Representation Alignment for Generation:
Training Diffusion Transformers Is Easier Than You Think

Sihyun Yu¹ · Sangkyung Kwak¹ · Huiwon Jang¹ · Jongheon Jeong²
Jonathan Huang³ · Jinwoo Shin^1* · Saining Xie^4*
¹ KAIST ²Korea University ³Scaled Foundations ⁴New York University
^*Equal Advising

[project page] [arXiv]

Summary: We propose REPresentation Alignment (REPA), a method that aligns noisy input states in diffusion models with representations from pretrained visual encoders. This significantly improves training efficiency and generation quality. REPA speeds up SiT training by 17.5x and achieves state-of-the-art FID=1.42.

1. Environment setup

conda create -n repa python=3.9 -y
conda activate repa
pip install -r requirements.txt

2. Dataset

Dataset download

Currently, we provide experiments for ImageNet. You can place the data that you want and can specifiy it via --data-dir arguments in training scripts. Please refer to our preprocessing guide.

3. Training

accelerate launch train.py \
  --report-to="wandb" \
  --allow-tf32 \
  --mixed-precision="fp16" \
  --seed=0 \
  --path-type="linear" \
  --prediction="v" \
  --weighting="uniform" \
  --model="SiT-XL/2" \
  --enc-type="dinov2-vit-b" \
  --proj-coeff=0.5 \
  --encoder-depth=8 \
  --output-dir="exps" \
  --exp-name="linear-dinov2-b-enc8" \
  --data-dir=[YOUR_DATA_PATH]

Then this script will automatically create the folder in exps to save logs and checkpoints. You can adjust the following options:

--models: [SiT-B/2, SiT-L/2, SiT-XL/2]
--enc-type: [dinov2-vit-b, dinov2-vit-l, dinov2-vit-g, dinov1-vit-b, mocov3-vit-b, , mocov3-vit-l, clip-vit-L, jepa-vit-h, mae-vit-l]
--proj-coeff: Any values larger than 0
--encoder-depth: Any values between 1 to the depth of the model
--output-dir: Any directory that you want to save checkpoints and logs
--exp-name: Any string name (the folder will be created under output-dir)

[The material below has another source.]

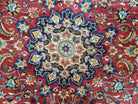 1950s Persian Mashad Rug 8' 3" x 11' 7", Room Sized Persian Carpet, Semi Antique, Medallion with Floral Allover Pattern, Red and Navy Blue Signature Master Weaver - Jewel Rugs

For DINOv2 models, it will be automatically downloaded from torch.hub. For CLIP models, it will be also automatically downloaded from the CLIP repository. For other pretrained visual encoders, please download the model weights from the below links and place into the following directories with these names:

dinov1: Download the ViT-B/16 model from the DINO repository and place it as ./ckpts/dinov1_vitb.pth
mocov3: Download the ViT-B/16 or ViT-L/16 model from the RCG repository and place them as ./ckpts/mocov3_vitb.pth or ./ckpts/mocov3_vitl.pth
jepa: Download the ViT-H/14 model (ImageNet-1K) from the I-JEPA repository and place it as ./ckpts/ijepa_vith.pth
mae: Download the ViT-L model from MAE repository and place it as ./ckpts/mae_vitl.pth

[12/17/2024]: We also support training on 512x512 resolution (ImageNet) and a text-to-image generation on MS-COCO.

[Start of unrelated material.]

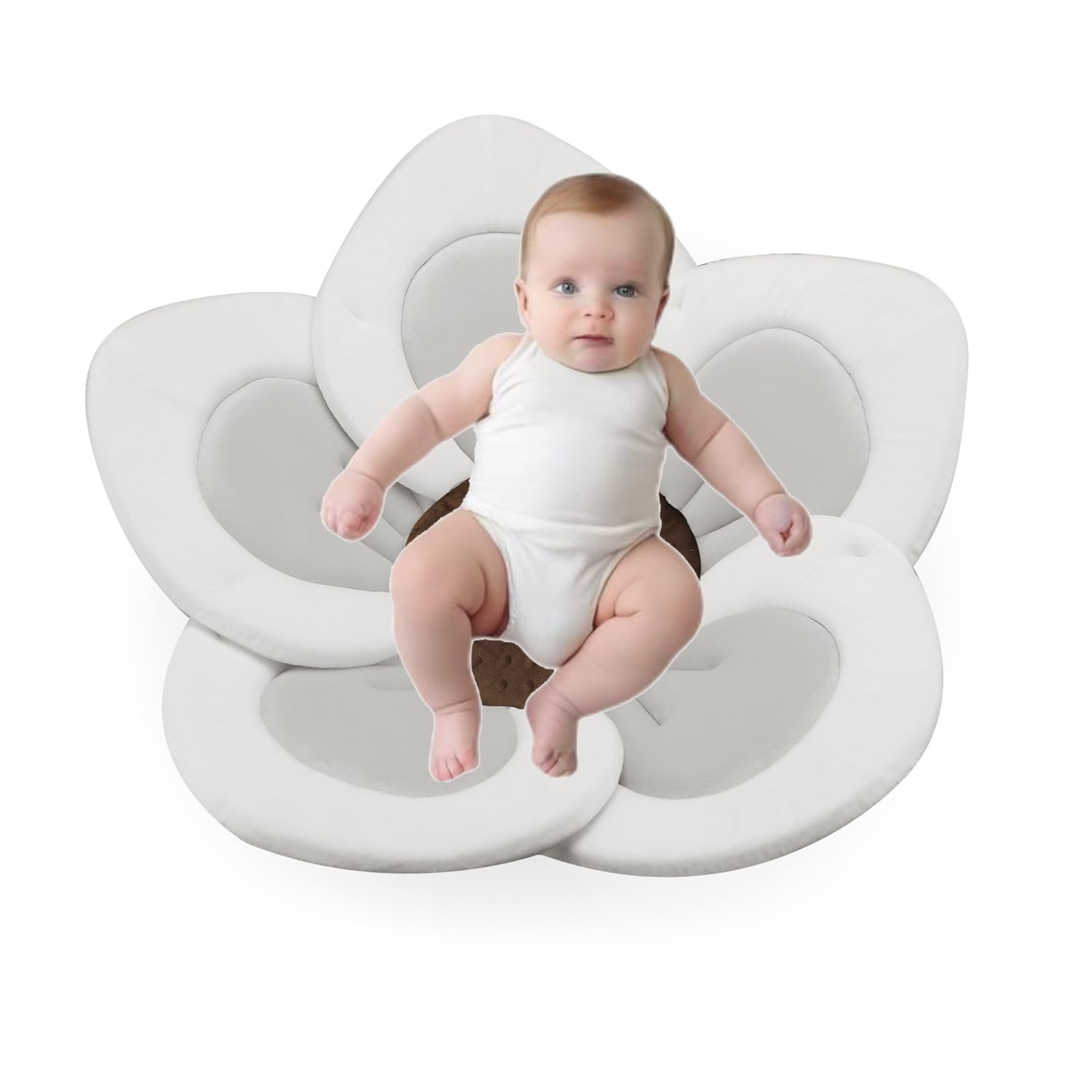 PandaEar bath pad in sink cradle demonstrates secure bathing in a compact sink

For ImageNet 512x512, please use the following script:

accelerate launch train.py \
  --report-to="wandb" \
  --allow-tf32 \
  --mixed-precision="fp16" \
  --seed=0 \
  --path-type="linear" \
  --prediction="v" \
  --weighting="uniform" \
  --model="SiT-XL/2" \
  --enc-type="dinov2-vit-b" \
  --proj-coeff=0.5 \
  --encoder-depth=8 \
  --output-dir="exps" \
  --exp-name="linear-dinov2-b-enc8-in512" \
  --resolution=512 \
  --data-dir=[YOUR_DATA_PATH]

You also need a new data preprocessing that resizes each image to 512x512 resolution and encodes each image as 64x64 resolution latent vectors (using stable-diffusion VAE). This script is also provided in our preprocessing guide.

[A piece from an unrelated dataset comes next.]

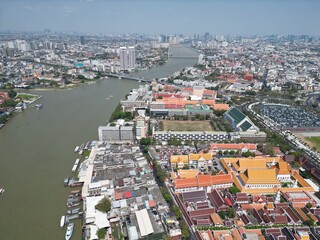 Fototapeta premium Aerial View of Bangkok Riverside District and Chao Phraya River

For text-to-image generation, please follow the data preprocessing protocol in U-ViT before lanuching experiments. After that, you should be able to lanuch an experiment through the following script:

accelerate launch train_t2i.py \
  --report-to="wandb" \
  --allow-tf32 \
  --mixed-precision="fp16" \
  --seed=0 \
  --path-type="linear" \
  --prediction="v" \
  --weighting="uniform" \
  --enc-type="dinov2-vit-b" \
  --proj-coeff=0.5 \
  --encoder-depth=8 \
  --output-dir="exps" \
  --exp-name="t2i_repa" \
  --data-dir=[YOUR_DATA_PATH]

4. Evaluation

You can generate images (and the .npz file can be used for ADM evaluation suite) through the following script:

torchrun --nnodes=1 --nproc_per_node=8 generate.py \
  --model SiT-XL/2 \
  --num-fid-samples 50000 \
  --ckpt YOUR_CHECKPOINT_PATH \
  --path-type=linear \
  --encoder-depth=8 \
  --projector-embed-dims=768 \
  --per-proc-batch-size=64 \
  --mode=sde \
  --num-steps=250 \
  --cfg-scale=1.8 \
  --guidance-high=0.7

We also provide the SiT-XL/2 checkpoint (trained for 4M iterations) used in the final evaluation. It will be automatically downloaded if you do not specify --ckpt.

Note

It's possible that this code may not accurately replicate the results outlined in the paper due to potential human errors during the preparation and cleaning of the code for release. If you encounter any difficulties in reproducing our findings, please don't hesitate to inform us. Additionally, we'll make an effort to carry out sanity-check experiments in the near future.

Acknowledgement

This code is mainly built upon DiT, SiT, edm2, and RCG repositories.
We also appreciate Kyungmin Lee for providing the initial version of the implementation.

BibTeX

@inproceedings{yu2025repa,
  title={Representation Alignment for Generation: Training Diffusion Transformers Is Easier Than You Think},
  author={Sihyun Yu and Sangkyung Kwak and Huiwon Jang and Jongheon Jeong and Jonathan Huang and Jinwoo Shin and Saining Xie},
  year={2025},
  booktitle={International Conference on Learning Representations},
}

Name		Name	Last commit message	Last commit date
Latest commit History 20 Commits
models		models
preprocessing		preprocessing
.gitignore		.gitignore
LICENSE		LICENSE
README.md		README.md
dataset.py		dataset.py
generate.py		generate.py
generate_t2i.py		generate_t2i.py
loss.py		loss.py
requirements.txt		requirements.txt
samplers.py		samplers.py
samplers_t2i.py		samplers_t2i.py
train.py		train.py
train_t2i.py		train_t2i.py
utils.py		utils.py

Provide feedback

Saved searches

Use saved searches to filter your results more quickly

Uh oh!

Uh oh!

Uh oh!

Repository files navigation

Representation Alignment for Generation:
Training Diffusion Transformers Is Easier Than You Think

[project page] [arXiv]

1. Environment setup

2. Dataset

Dataset download

3. Training

4. Evaluation

Note

Acknowledgement

BibTeX

About

Uh oh!

Releases

Packages

Languages

Uh oh!

License

Uh oh!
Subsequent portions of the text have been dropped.